In November, the Modern War Institute hosted its inaugural Class of 2006 War Studies Conference. The conference is organized to bring together distinguished representatives from the private sector, government, academia,the think-tank community, and the joint military services to debate and discuss issues related to modern war and warfare. This year’s conference explored the question of whether deterrence, a hallmark of Cold War-era defense policy, is still relevant in an increasingly multipolar world, one increasingly characterized by threats posed by violent non-state actors, hackers, a multitude of small wars, as well as the proliferation of nuclear armed states and our traditional near-peer adversaries like China and Russia. Speakers and participants sought to shed new light on how the United States should modify policy or its military to enhance our deterrence to meet the current threat environment at the tactical as well as strategic level.
The conference featured keynote addresses by Adm. Harry B. Harris, Jr., commander of United States Pacific Command; former Commissioner of the New York Police Department Ray Kelly; retired Gen. John P. Abizaid; and Dr. Eliot Cohen of Johns Hopkins University.

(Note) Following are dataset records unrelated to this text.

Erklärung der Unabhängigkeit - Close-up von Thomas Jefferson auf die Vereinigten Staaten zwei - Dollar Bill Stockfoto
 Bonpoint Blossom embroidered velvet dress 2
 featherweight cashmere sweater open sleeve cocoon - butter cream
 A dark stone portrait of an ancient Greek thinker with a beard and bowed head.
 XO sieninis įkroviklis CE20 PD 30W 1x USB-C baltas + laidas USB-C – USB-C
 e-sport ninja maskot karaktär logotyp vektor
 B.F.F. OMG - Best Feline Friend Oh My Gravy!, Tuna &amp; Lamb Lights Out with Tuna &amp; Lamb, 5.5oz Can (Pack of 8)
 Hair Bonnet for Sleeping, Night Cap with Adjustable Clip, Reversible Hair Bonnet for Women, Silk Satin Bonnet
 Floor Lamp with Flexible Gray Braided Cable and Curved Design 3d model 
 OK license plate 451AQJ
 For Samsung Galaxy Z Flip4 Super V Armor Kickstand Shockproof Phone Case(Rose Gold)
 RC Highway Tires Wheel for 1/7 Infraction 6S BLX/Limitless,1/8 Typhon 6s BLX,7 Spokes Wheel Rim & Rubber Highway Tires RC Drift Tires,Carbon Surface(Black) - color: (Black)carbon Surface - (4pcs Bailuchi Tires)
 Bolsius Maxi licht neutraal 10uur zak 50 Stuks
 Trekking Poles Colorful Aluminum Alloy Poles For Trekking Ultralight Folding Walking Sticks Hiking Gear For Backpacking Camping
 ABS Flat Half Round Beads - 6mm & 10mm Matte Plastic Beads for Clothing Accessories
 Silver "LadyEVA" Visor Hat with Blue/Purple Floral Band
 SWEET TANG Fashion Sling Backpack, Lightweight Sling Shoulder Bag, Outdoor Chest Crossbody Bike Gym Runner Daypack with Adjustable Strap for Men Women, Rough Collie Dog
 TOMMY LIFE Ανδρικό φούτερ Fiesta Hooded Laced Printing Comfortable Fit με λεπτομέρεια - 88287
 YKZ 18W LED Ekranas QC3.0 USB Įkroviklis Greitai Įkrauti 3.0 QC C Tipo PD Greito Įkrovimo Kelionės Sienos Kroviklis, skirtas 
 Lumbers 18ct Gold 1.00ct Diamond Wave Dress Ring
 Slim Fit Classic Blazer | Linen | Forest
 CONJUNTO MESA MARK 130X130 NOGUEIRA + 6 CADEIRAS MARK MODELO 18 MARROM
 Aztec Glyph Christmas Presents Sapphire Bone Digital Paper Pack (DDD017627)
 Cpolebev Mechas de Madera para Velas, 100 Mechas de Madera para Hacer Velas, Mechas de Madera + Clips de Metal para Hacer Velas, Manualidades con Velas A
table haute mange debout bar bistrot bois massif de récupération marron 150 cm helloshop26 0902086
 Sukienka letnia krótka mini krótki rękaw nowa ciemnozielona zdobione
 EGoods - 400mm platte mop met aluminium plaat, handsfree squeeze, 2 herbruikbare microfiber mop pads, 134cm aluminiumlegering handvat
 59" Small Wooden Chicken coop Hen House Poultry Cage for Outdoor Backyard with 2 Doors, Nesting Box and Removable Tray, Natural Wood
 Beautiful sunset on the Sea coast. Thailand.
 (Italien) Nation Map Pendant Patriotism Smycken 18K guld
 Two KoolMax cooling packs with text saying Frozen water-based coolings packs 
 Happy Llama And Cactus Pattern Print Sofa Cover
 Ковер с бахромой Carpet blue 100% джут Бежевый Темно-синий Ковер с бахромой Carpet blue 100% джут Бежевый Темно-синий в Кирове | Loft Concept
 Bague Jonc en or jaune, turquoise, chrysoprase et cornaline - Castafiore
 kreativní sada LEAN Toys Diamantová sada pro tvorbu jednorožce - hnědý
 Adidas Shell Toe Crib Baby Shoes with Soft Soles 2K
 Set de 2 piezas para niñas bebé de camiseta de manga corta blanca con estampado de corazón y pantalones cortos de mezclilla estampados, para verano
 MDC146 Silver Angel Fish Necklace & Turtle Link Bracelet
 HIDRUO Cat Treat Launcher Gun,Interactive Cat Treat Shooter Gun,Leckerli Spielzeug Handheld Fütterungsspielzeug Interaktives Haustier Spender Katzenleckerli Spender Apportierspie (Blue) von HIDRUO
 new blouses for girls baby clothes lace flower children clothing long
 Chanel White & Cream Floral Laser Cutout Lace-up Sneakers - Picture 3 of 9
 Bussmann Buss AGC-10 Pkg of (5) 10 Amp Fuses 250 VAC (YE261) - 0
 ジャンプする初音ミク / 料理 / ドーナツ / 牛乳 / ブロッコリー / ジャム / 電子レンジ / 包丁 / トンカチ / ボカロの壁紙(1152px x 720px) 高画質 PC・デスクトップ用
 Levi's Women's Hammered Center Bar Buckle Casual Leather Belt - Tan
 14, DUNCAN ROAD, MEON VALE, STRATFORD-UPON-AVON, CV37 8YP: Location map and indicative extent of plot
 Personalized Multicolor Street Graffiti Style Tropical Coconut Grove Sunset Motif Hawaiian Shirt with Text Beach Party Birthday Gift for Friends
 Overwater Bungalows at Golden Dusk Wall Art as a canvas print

Participants took part in the following five panels:
Panel 1: Revisiting Schelling, Fifty Years On
Panel 2: How to Deter Tomorrow’s Non-State Adversaries
Panel 3: How to Fix our 20th-Century Security Alliances
Panel 4: Disruption or Deterrence? How to Strengthen US Cyber-Deterrence
Panel 5: Developing Alternative and Non-Military Tools of Coercion
The conference generated a wide-ranging and thorough discussion on the enduring relevance of strategic deterrence, which is captured in a conference report newly published by the Modern War Institute.